I originally posted this at http://blogs.sun.com/brendan/entry/amd64_pics.
I recently wanted to gather some numbers on CPU and memory system performance, for AMD64 CPUs. I reached a point where I searched the Internet for other Solaris AMD64 PIC (Performance Instrumentation Counters) analysis, and found little. I hope to improve this with some blog entries. In this part I'll introduce PIC observability, and demonstrate measuring CPI (cycles per instruction) for different workloads. Note that PICs are also known as Performance Monitoring Counters (PMCs).
To see why PICs are important, the following are the sort of questions that PIC analysis can answer:
- What is the Level 2 cache hit rate?
- What is the Level 2 cache miss volume?
- What is the hit rate and miss volume for the TLB?
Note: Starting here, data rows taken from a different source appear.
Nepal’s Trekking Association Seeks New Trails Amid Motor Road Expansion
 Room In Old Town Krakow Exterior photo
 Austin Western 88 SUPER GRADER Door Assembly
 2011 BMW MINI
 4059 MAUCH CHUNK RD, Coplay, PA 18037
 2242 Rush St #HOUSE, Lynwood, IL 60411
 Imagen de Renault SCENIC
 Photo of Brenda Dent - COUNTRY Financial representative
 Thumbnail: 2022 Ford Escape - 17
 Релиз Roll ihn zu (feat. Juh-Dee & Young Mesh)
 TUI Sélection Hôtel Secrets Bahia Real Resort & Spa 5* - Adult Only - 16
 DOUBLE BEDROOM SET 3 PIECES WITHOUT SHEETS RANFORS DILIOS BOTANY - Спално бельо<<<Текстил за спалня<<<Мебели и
- What is my memory bus utilization?
Questions 1 and 2 relate to the CPU hardware cache, where Level 2 is the E$ (meaning either "external" cache or "embedded" cache, depending on the CPU architecture). For optimal performance we want to see a high hit rate, and more importantly, a low miss volume.
Question 3 concerns a component of the memory management unit: the translation lookaside buffer (TLB). This processes and caches virtual to physical memory page translations. It can consume a lot of CPU (the worst I've seen is 60%), and it can be tuned. A good document for understanding this further is Taming Your Emu by Richard McDougall.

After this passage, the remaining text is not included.